WHAT, you say?! How is this possible? How has Russia turning off the spigot not shut this place down already?! There’s another clue to these fossil fuel guzzlers in that report:
…The Netherlands is still one of the largest gas producers in Europe; however, domestic gas supply and gas exports are rapidly declining as production from Groningen is being phased out. Domestic oil supply is small, especially in comparison to the large oil demand. All coal is imported and is used primarily for electricity generation and steel production. The electricity supply is also heavily reliant on fossil fuels. In 2018, electricity generation came primarily from gas (52%) and coal (27%).
“Groningen is being phased out” Has their one gas field run dry? Ah…no. First, it’s a WHALE of a natural gas field and secondly, it is nowhere near depleted.
The Groningen gas field in the Netherlands is vast. It’s the largest in the European Union, and one of the 10 biggest in the world. Its available reserves of about 450 billion cubic meters are equivalent to all the EU’s needs for one year.
It’s exactly the kind of precious (if non-renewable) economic resource that would normally be front and center in an energy crisis like the one afflicting the region today. Every molecule of gas counts at a time when Europe is scrambling to cut its ties to Russia — source of about 40% of the EU’s gas consumption — by chasing new suppliers, investing in renewables, curbing demand and wringing existing sources dry.

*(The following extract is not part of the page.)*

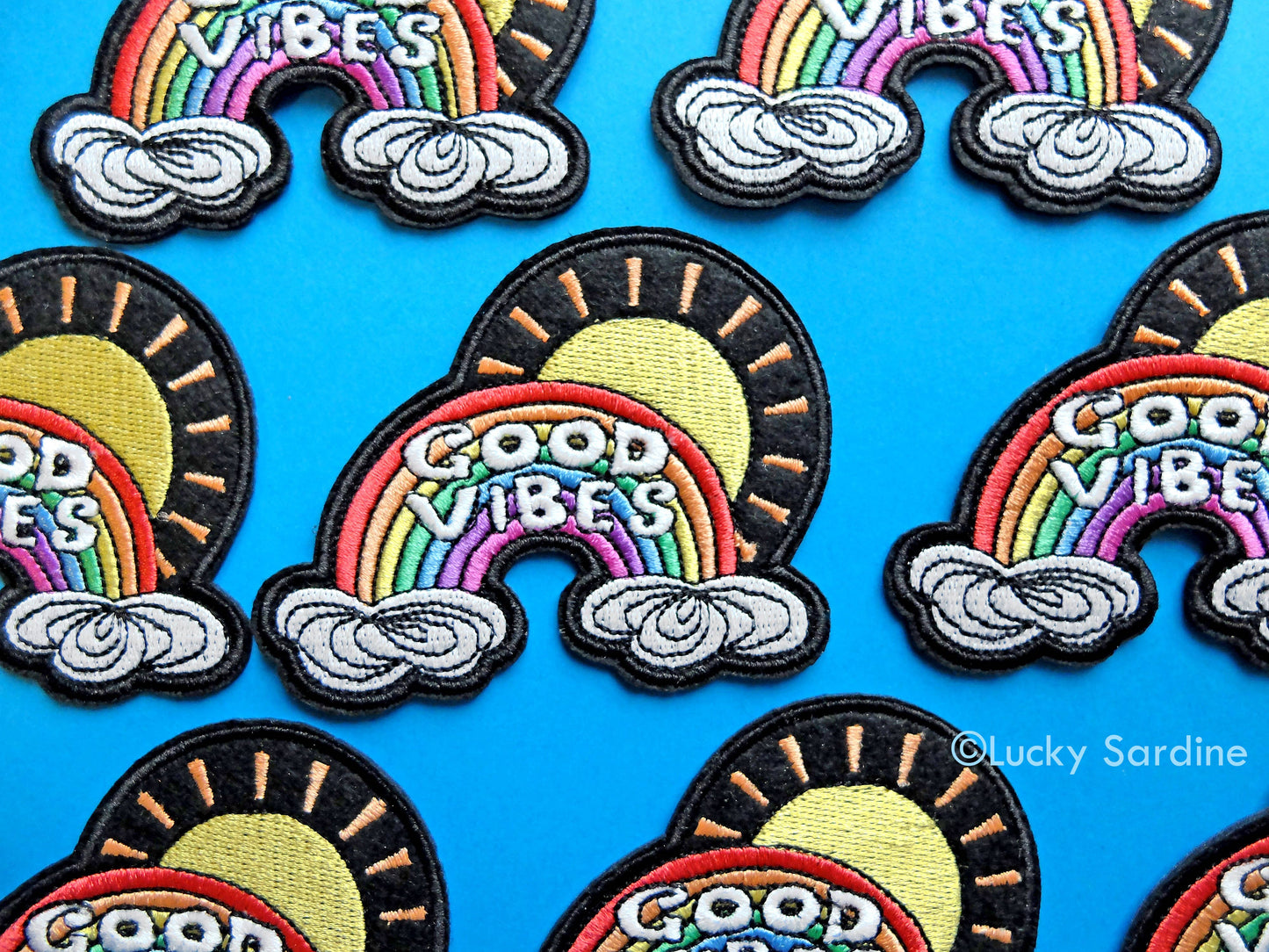 Good Vibes Sunshine, Rainbow Felt Embroidered Iron-On Patch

But that’s not what’s happening. Groningen production is actually being wound down with a view to halting it next year, part of a long-standing pledge to address earthquake risks and environmental damage.
“The Groningen field contains about 450bn cubic metres of gas – enough to cover Europe’s imports from Russia for three years“
…but it’s underneath what is described as a “soft clay soil” which “amplifies seismic activity.” The folks in the neighborhood have had their houses shaken to bits over the years, and are in a lengthy, adversarial process of getting the government to buy them, repair them or move them out wholesale. There are literally billions of € at stake in housing repairs and claims, and, in the push to a new, Green, renewable Europe, Groningen was expendable – easily made up elsewhere.
Until it wasn’t.
Now, the throwdown begins. Even some residents with cracks running through their homes, staring down the face of what could truly be a catastrophic winter – unaffordable and frozen – are warming up to the idea of keeping production humming along in the Groningen. It remains to be seen if the Green faction in Amersterdam will hold sway, and condemn the entire country to cold showers and candles, when relief is already at hand. To ramp up production would be, as one analyst said, “like flicking a switch.” Yes, the political resistance will be fierce. So what? The reaction from Dutch citizens should be what carries the day, if they react with the same fury and fervor that they supported the farmers with. The renewable Utopia will have to cope with a reality check.
As Daniel Yergin, author of the classic hydrocarbon history “The Prize,” summed it up pithily to the New York Times: “Guess what, this is an emergency.”